Despite the Canadian government’s decision to slow immigration, Dufresne said there’s still growth ahead.

“While it may slow a bit, we still believe that it’s going to grow. And that’s a tailwind that is very positive for grocery players like us,” he said.

The company is also trying to boost food sales at Shoppers Drug Mart, said Bank. The shift toward discount has had a slight impact on food sales there, he said, so Loblaw is responding by lowering prices on several hundred products to encourage more people to shop for food at the pharmacy banner.

Loblaw is continuing its growth into the fourth quarter, with plans to add another 20 new Maxi and No Frills stores, mainly new builds, said Dufresne.

“For the full year 2024, we expect to have opened 50 new stores and converted an additional 42 stores,” he said.

Bank said the company plans to open even more new stores than in 2024 and is opening a new distribution centre in the first quarter.

He acknowledged that the company’s focus on opening more stores will put some pressure on its earnings in the short term.

“I think it’s important to say that we are planning for the long term, not the short term,” he said.

Part of that longer-term strategy is the company’s decision to no longer sell gaming consoles, games and certain electronics like laptops, computers and TVs.
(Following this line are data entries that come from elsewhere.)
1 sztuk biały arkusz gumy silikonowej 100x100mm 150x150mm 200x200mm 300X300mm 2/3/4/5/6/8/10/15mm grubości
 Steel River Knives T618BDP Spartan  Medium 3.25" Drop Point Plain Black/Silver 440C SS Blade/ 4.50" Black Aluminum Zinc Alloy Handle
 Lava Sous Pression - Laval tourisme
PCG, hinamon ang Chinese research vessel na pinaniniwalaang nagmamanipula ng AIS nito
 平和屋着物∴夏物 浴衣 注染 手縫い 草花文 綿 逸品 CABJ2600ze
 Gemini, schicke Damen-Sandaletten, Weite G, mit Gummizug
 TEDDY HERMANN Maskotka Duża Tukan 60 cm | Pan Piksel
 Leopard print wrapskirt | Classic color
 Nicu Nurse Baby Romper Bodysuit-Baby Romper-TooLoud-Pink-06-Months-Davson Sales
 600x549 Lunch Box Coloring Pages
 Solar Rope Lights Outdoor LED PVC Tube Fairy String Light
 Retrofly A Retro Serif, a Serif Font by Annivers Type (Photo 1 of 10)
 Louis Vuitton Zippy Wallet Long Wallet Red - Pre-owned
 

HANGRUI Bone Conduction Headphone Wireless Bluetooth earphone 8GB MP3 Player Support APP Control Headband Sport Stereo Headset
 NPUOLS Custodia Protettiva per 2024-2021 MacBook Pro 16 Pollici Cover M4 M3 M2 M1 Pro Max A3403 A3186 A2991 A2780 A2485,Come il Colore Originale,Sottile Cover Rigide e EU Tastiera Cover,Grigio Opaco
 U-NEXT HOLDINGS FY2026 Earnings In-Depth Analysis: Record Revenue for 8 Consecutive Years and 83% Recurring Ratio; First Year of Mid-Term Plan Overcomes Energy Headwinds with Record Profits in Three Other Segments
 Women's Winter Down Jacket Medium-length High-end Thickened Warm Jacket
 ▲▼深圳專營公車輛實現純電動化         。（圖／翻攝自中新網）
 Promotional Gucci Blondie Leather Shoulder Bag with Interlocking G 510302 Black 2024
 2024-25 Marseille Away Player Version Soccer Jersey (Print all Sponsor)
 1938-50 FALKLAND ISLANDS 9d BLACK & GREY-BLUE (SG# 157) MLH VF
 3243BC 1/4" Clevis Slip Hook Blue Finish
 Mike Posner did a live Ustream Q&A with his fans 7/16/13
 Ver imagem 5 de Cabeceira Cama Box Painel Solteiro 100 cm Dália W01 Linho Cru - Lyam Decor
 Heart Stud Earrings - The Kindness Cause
Dufresne said those products don’t drive shoppers’ baskets and have an “extremely low margin.”

“More than 80 per cent of the transactions that are on electronics, customers come in and just buy that item and leave. So it’s not good for our business,” he said. “That’s why we’re deciding to exit it.”

The decision to exit electronics, as well as the company’s move to eliminate multi-buy promotions in its discount stores, affect sales in the short term, Dufresne acknowledged.

“Our focus is on adding square footage. So if we have the right business model and that works and resonates with customers, if we just replicate it with new stores, long term, we win. So that’s how we’re thinking about this,” said Dufresne.

The company said that based on the year-to-date investments in its store network and distribution centres, it now expects to invest a net amount of $1.9 billion compared with earlier expectations for $1.8 billion.

Same-store sales at Loblaw’s food stores were up 0.5 per cent,compared with 4.5 per cent last year. After excluding the unfavourable impact of the timing of Thanksgiving, which fell in a different quarter this year, the company said food same-store sales were up about 1.3 per cent.

Drug retail same-store sales were up 2.9 per cent as pharmacy and health-care services same-store sales rose 6.3 per cent, but front store same-store sales fell 0.5 per cent.

In its outlook, the company raised its guidance for full-year adjusted net earnings per common share growth to low double-digits compared with earlier expectations for high single-digits.